When we went to see Obama speak in Austin in January, our little group was next to this woman and her son. He was maybe three or four years old, and of course couldn't see, so people around her took turns holding him up. It was way past his bedtime when Obama finally took the stage, I'm sure.
There was a lot going on that night, and I wasn't watching him for most of it, but when Obama first came out and his mother picked him up, the little boy looked at the stage, got a confused look, and asked his mom a question: "Is he white or brown?"
"He's brown," his mom replied. "Like you."
For me, that may have been the most powerful moment of this campaign. The thought that that little boy can grow up in a world where he will believe that anything is possible for his life has just overwhelmed me.

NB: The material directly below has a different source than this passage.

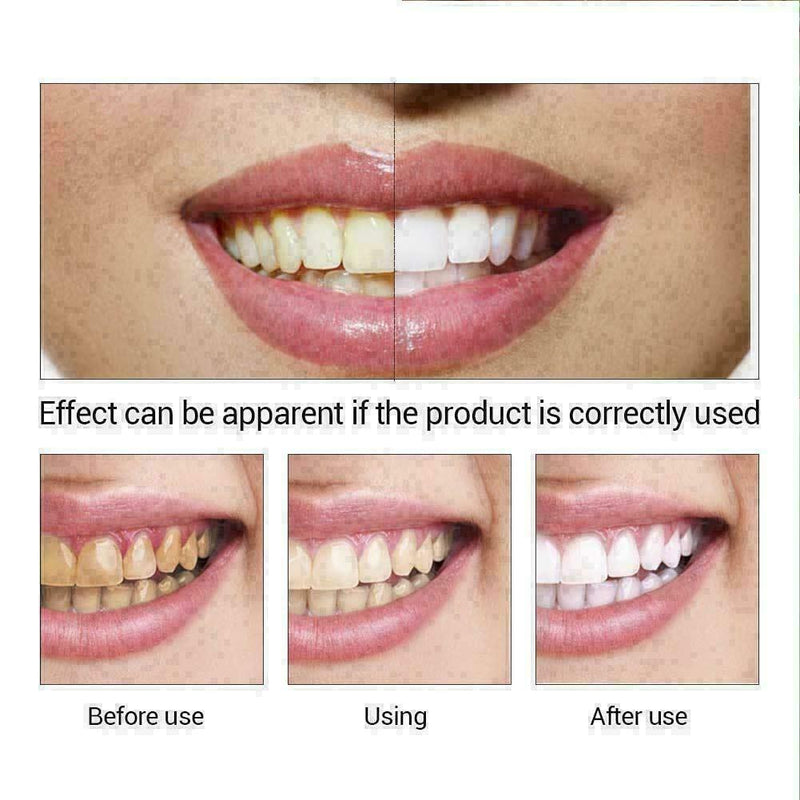Teeth Whitening Cleaning Teeth Remove Stains/Coffee Stains W6V5 D2X0 Favor H5M2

He will grow up in a world where the formal discrimination that governed his grandparents' lives, and the implicit racism that affected his parents' will lose some of its power. All because of this election.

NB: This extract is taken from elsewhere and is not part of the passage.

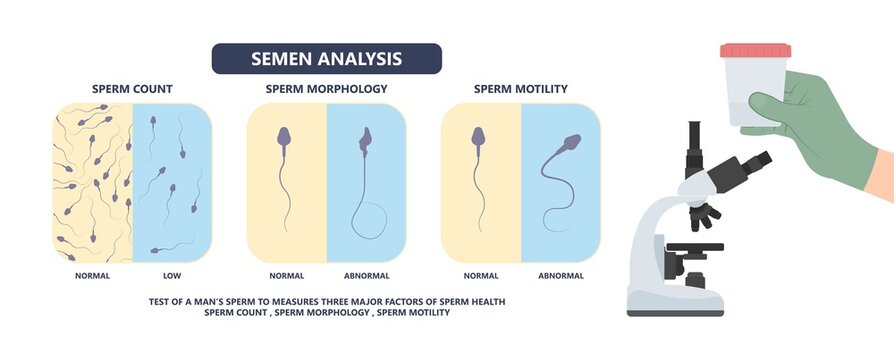 in vitro fertilization IVF semen test sample sperm count type Male biopsy fertility collect Low Poor Zero head anatomy midpiece tail birth control blocked defect abnormal ejaculate vas Non dry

I did not believe that we would see an African-American elected president in my lifetime. That it happened now, in an era when we still have a former Klansman in the Senate and when being openly racist is still socially acceptable in large swathes of the countryside, is amazing.
I don't believe that race is a good reason to vote for or against a candidate. Issues, character, and judgment are much more significant.
But, wow, am I glad to be in a country in which that little boy's life will be full of the infinite possibility I've gotten to live.